Quando un residuo può considerarsi un rifiuto? Quando un produttore non può dimostrare che esso possa essere utilizzato nello stesso o in un successivo processo da se stesso o da parte di terzi. Quando un residuo si può considerare un sottoprodotto? Quando il produttore dimostra che, non essendo stati prodotti volontariamente e come obiettivo primario del ciclo produttivo, sono destinati ad essere utilizzati nello stesso o in un successivo processo, dal produttore medesimo o da parte di terzi.
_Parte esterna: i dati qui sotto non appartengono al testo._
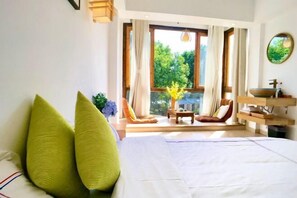 Un dormitorio con cama, dos almohadas, ventana con cortinas, una silla, una mesita y un baño con lavabo y espejo.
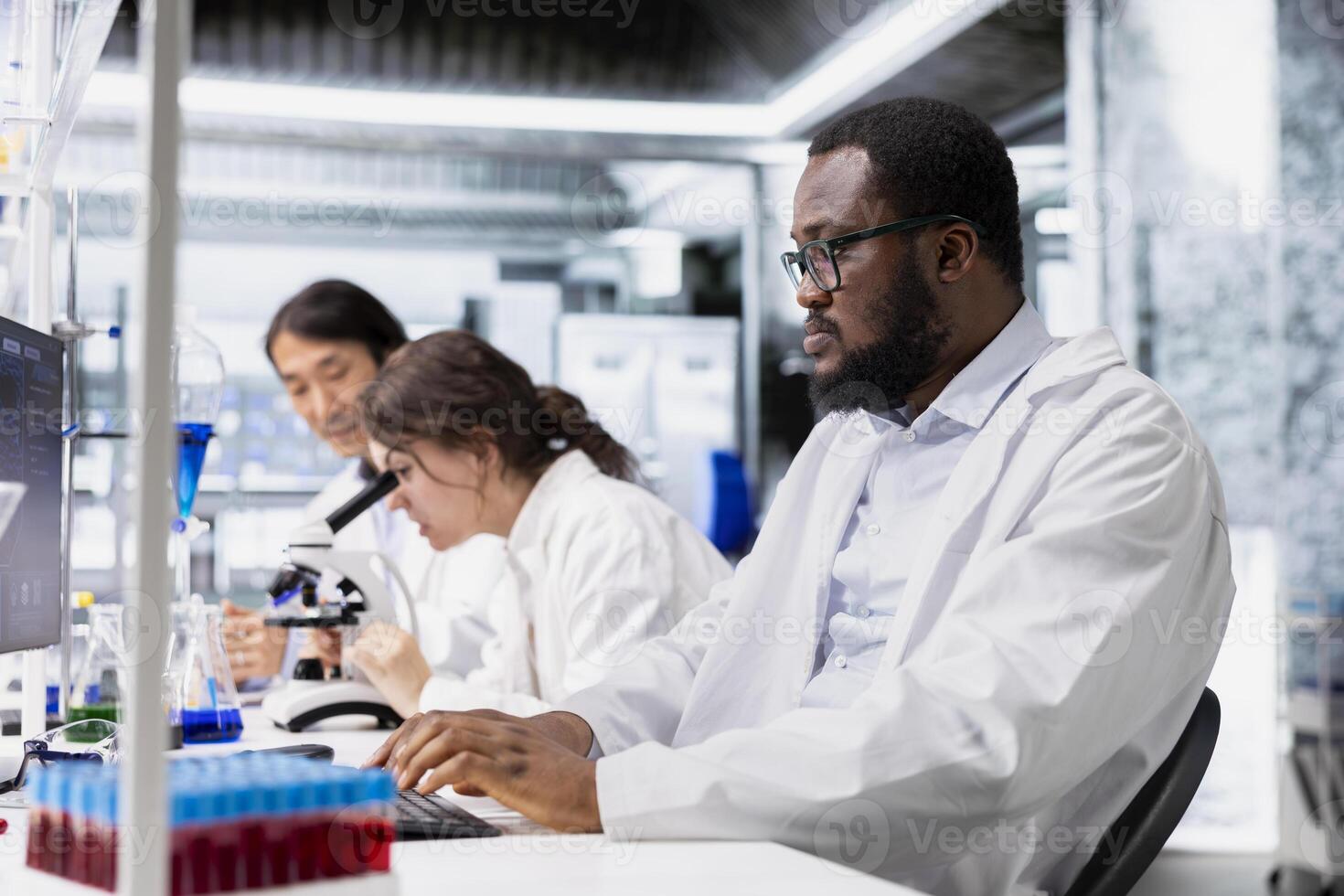Laboratory molecular biologist using computer software to process DNA patient data for clinical research. African american man uses PC program to do lab genetic analysis diagnostics photo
In effetti in ogni fase della gestione del residuo, è necessario fornire la dimostrazione che sono soddisfatte tutte le seguenti condizioni: a) la sostanza o l’oggetto è originato da un processo di produzione, di cui costituisce parte integrante e il cui scopo primario non è la produzione di tale sostanza od oggetto; b) è certo l’utilizzo della sostanza o dell’oggetto nel corso dello stesso o di un successivo processo di produzione o di utilizzazione da parte del produttore o di terzi; c) la sostanza o l’oggetto può essere utilizzato direttamente senza alcun ulteriore trattamento diverso dalla normale pratica industriale; d) l’ulteriore utilizzo è legale, ossia la sostanza o l’oggetto soddisfa, per l’utilizzo specifico, tutti i requisiti pertinenti riguardanti i prodotti e la protezione della salute e dell’ambiente e non porterà a impatti complessivi negativi sull’ambiente o la salute umana.
La certezza dell’utilizzo Nell’art.4 comma 2 del DM n.264/2016 si spiega come riscontrare la certezza nell’utilizzo della sostanza nel corso del processo di produzione o di utilizzazione da parte del produttore o di terzi, da dimostrare. Quanto ai residui in un ciclo di produzione diverso da quello da cui si è originato (art. 5), per la certezza di utilizzo si presuppone che l’attività o l’impianto in cui il residuo deve essere utilizzato sia individuato o individuabile già al momento della produzione dello stesso. Ne costituisce elemento di prova l’esistenza di rapporti o impegni contrattuali tra il produttore del residuo, eventuali intermediari e gli utilizzatori. Da segnalare infine che è previsto che le Camere di Commercio competenti per territorio istituiscano un elenco specifico in cui si iscrivono senza alcun onere i produttori e gli utilizzatori di sottoprodotti, per facilitare la cessione e l’utilizzazione dei sottoprodotti stessi.